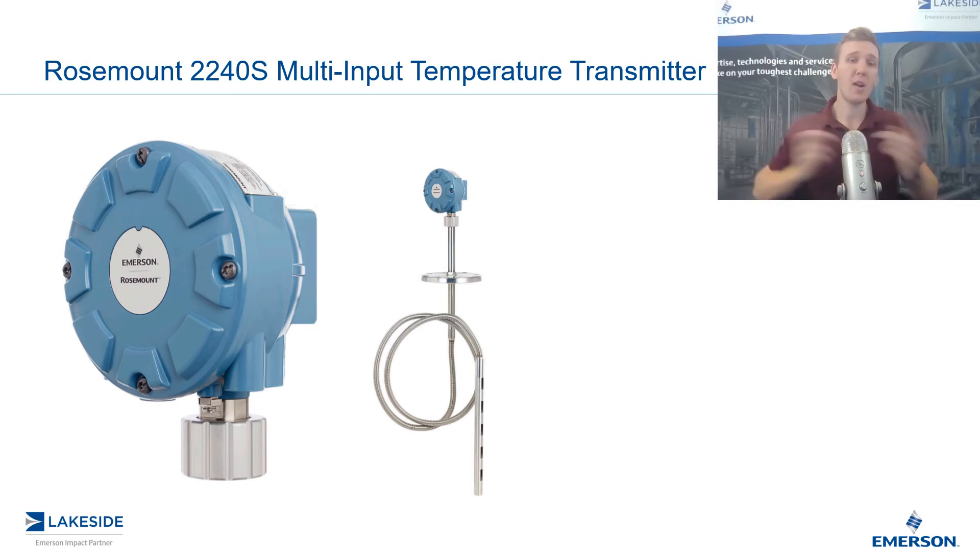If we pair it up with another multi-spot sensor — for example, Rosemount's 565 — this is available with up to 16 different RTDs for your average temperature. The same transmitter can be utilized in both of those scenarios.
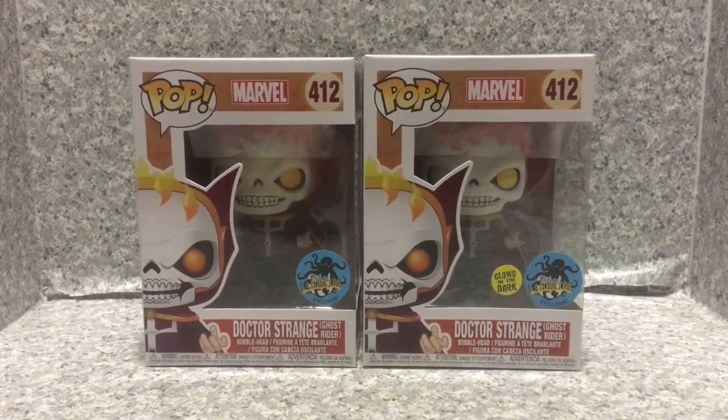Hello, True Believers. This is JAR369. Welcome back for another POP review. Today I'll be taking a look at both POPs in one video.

+++++

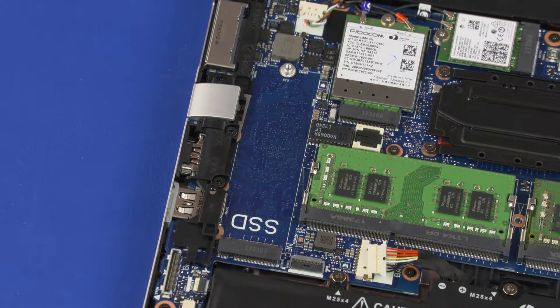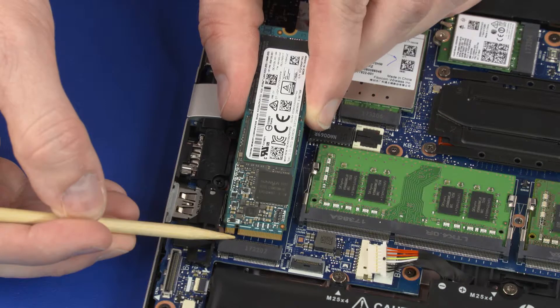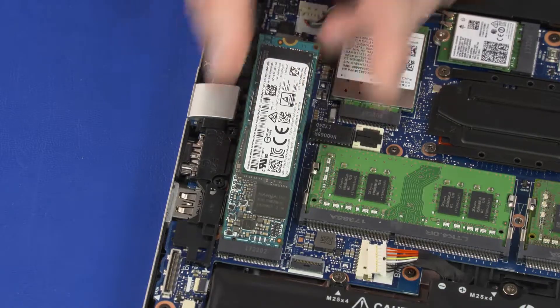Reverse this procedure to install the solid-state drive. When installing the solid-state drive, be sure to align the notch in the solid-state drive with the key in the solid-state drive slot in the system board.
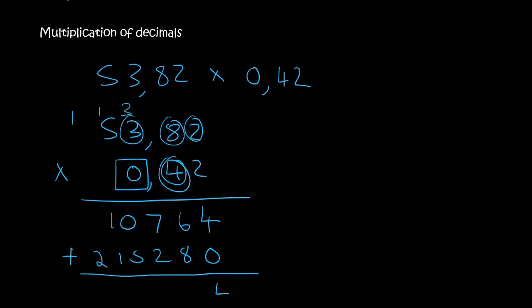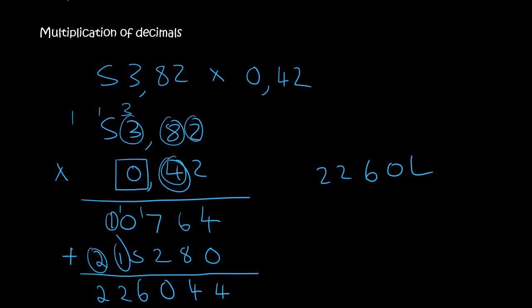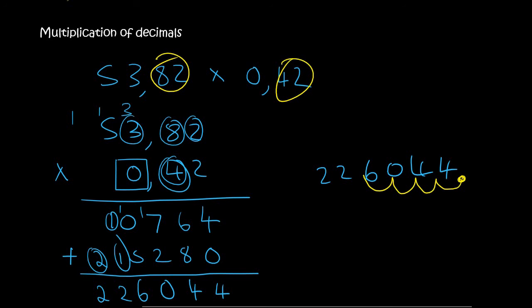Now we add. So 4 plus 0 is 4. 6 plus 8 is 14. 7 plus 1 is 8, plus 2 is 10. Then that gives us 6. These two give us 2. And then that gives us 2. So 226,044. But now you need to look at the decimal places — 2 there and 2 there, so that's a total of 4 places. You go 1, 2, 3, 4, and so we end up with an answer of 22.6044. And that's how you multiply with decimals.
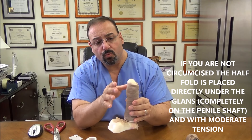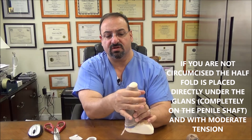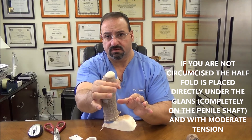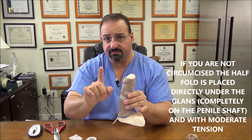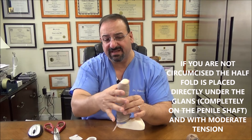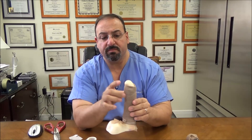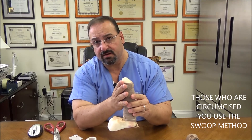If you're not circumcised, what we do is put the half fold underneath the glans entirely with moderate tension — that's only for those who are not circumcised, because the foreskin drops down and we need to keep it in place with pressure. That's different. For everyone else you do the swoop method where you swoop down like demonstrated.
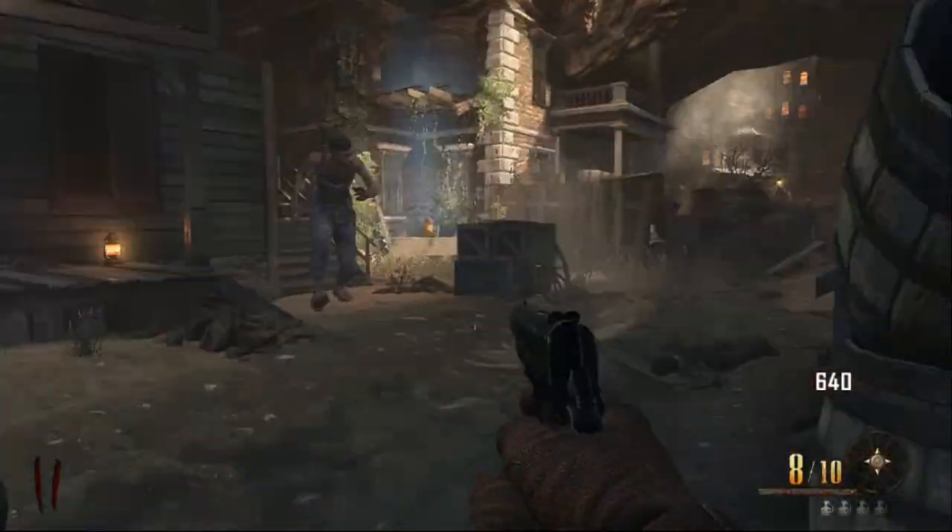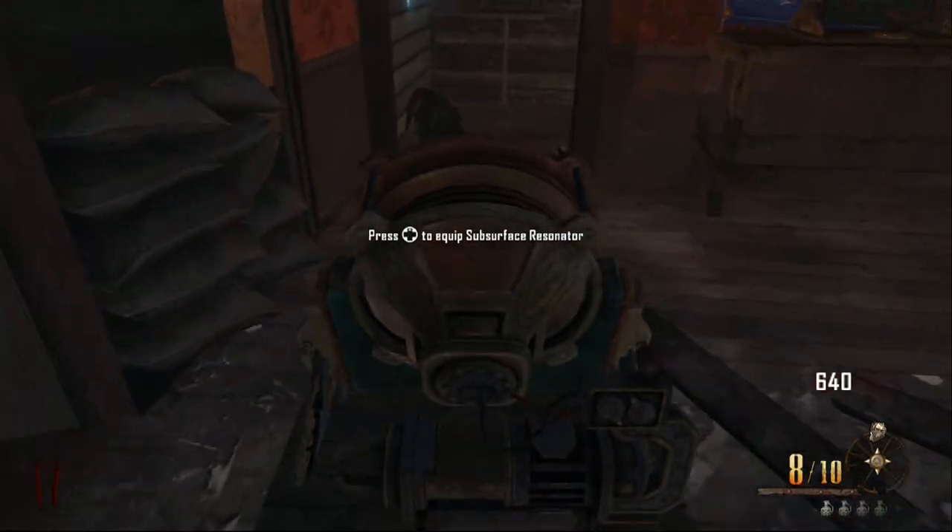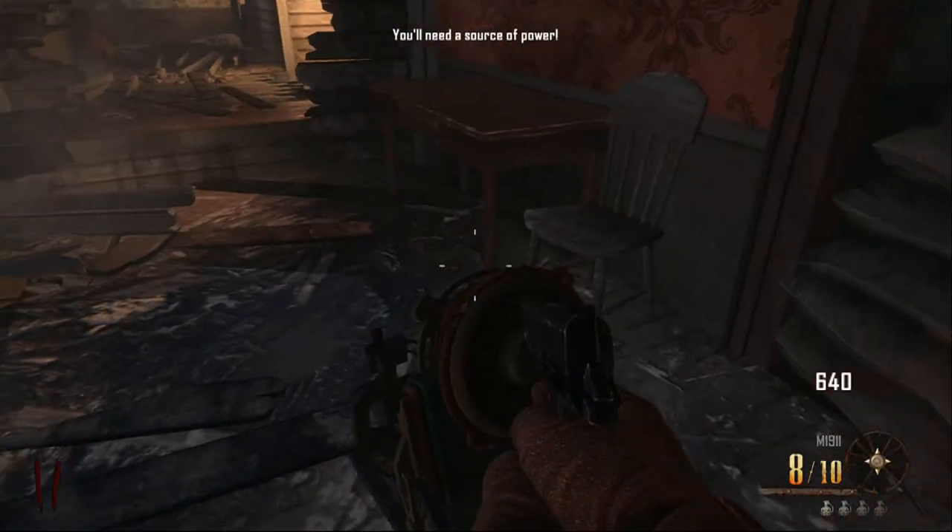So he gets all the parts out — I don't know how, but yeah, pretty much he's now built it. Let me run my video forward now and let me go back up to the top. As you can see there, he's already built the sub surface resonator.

+++++

**ACTION ITEM**:
Within the listing above, the lines starting at the one containing "Now we add." and ending at the one containing "So he gets all" are to be returned exactly. Omit the pictures.

**ANSWER BOX**:
Now we add. So 4 plus 0 is 4. 6 plus 8 is 14. 7 plus 1 is 8, plus 2 is 10. Then that gives us 6. These two give us 2. And then that gives us 2. So 226,044. But now you need to look at the decimal places — 2 there and 2 there, so that's a total of 4 places. You go 1, 2, 3, 4, and so we end up with an answer of 22.6044. And that's how you multiply with decimals.
If you're not circumcised, what we do is put the half fold underneath the glans entirely with moderate tension — that's only for those who are not circumcised, because the foreskin drops down and we need to keep it in place with pressure. That's different. For everyone else you do the swoop method where you swoop down like demonstrated.
So he gets all the parts out — I don't know how, but yeah, pretty much he's now built it. Let me run my video forward now and let me go back up to the top. As you can see there, he's already built the sub surface resonator.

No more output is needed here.